» **TASK OBJECTIVE**:
Set every record down again exactly. Do not carry over the pictures.

» **DATASET CONTENT**:
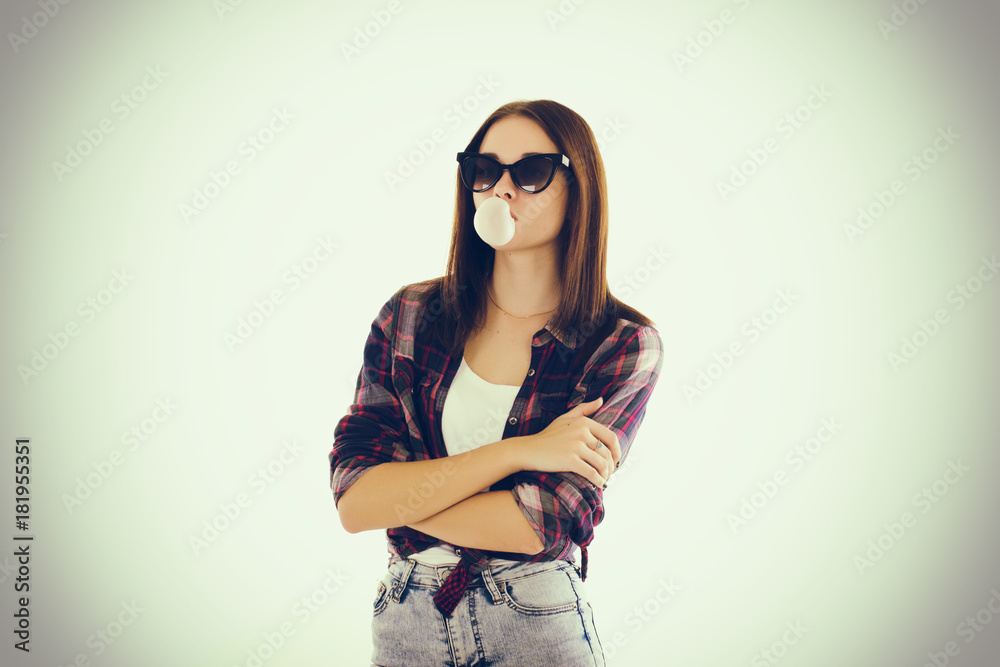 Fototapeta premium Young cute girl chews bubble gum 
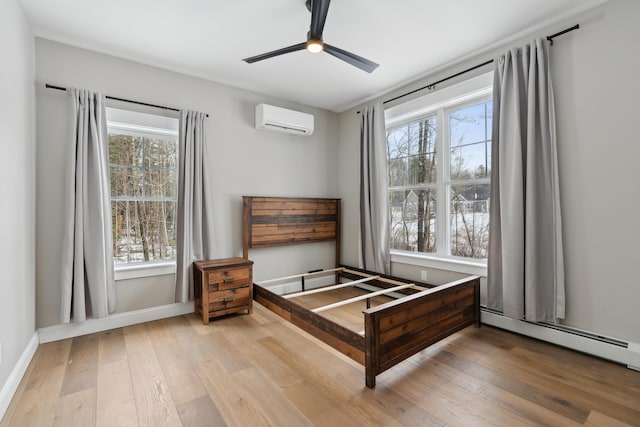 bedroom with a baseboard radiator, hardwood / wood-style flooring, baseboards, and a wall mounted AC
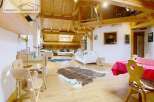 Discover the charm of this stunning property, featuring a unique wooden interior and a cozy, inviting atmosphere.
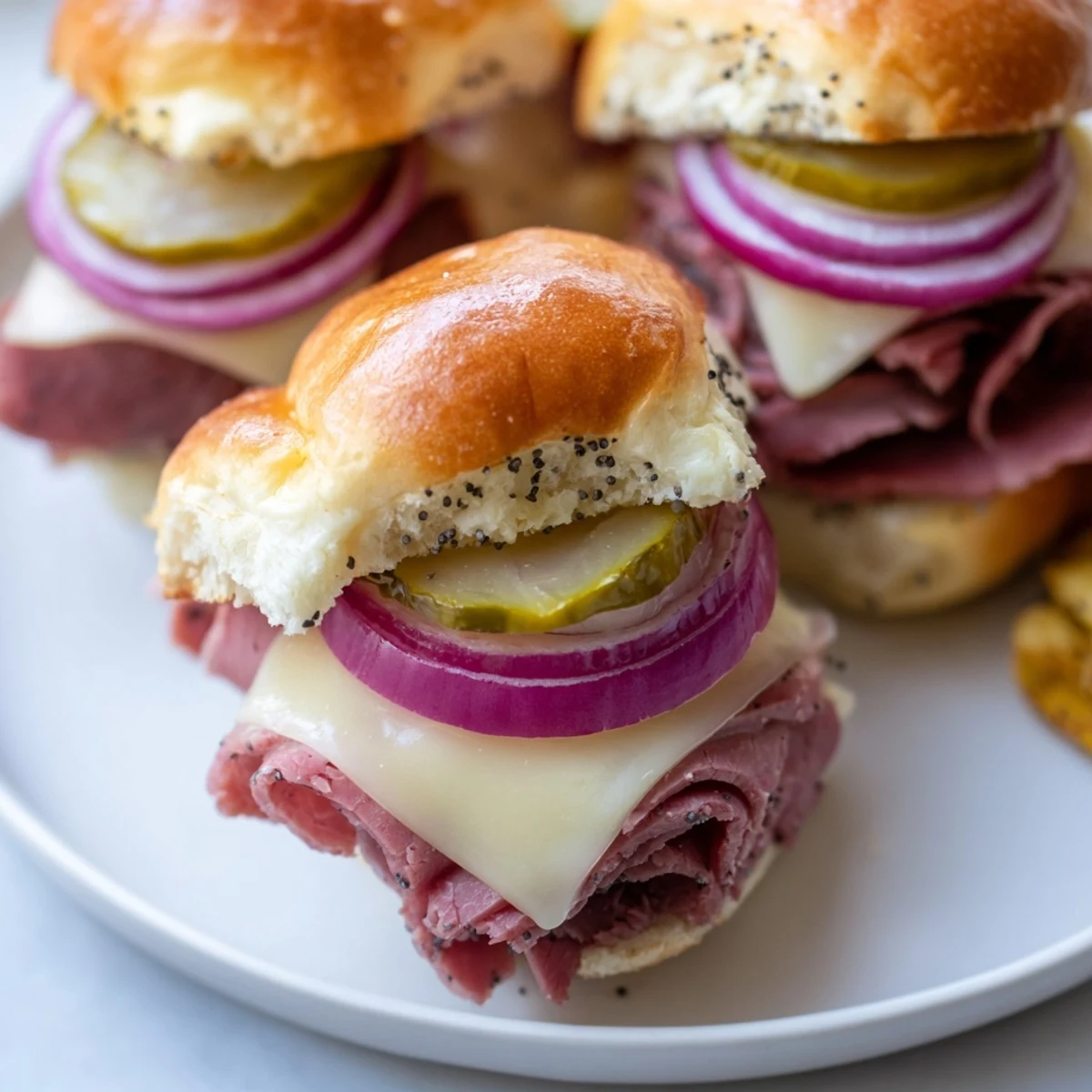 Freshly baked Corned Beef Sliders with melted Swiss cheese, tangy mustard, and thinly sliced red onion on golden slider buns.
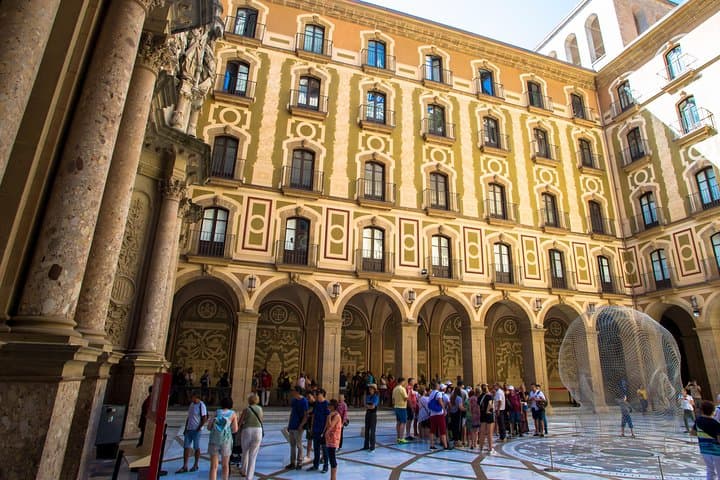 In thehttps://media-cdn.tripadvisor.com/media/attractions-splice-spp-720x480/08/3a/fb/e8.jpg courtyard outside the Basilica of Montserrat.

» **EXERCISE RESULT**:
 Fototapeta premium Young cute girl chews bubble gum 
 bedroom with a baseboard radiator, hardwood / wood-style flooring, baseboards, and a wall mounted AC
 Discover the charm of this stunning property, featuring a unique wooden interior and a cozy, inviting atmosphere.
 Freshly baked Corned Beef Sliders with melted Swiss cheese, tangy mustard, and thinly sliced red onion on golden slider buns.
 In thehttps://media-cdn.tripadvisor.com/media/attractions-splice-spp-720x480/08/3a/fb/e8.jpg courtyard outside the Basilica of Montserrat.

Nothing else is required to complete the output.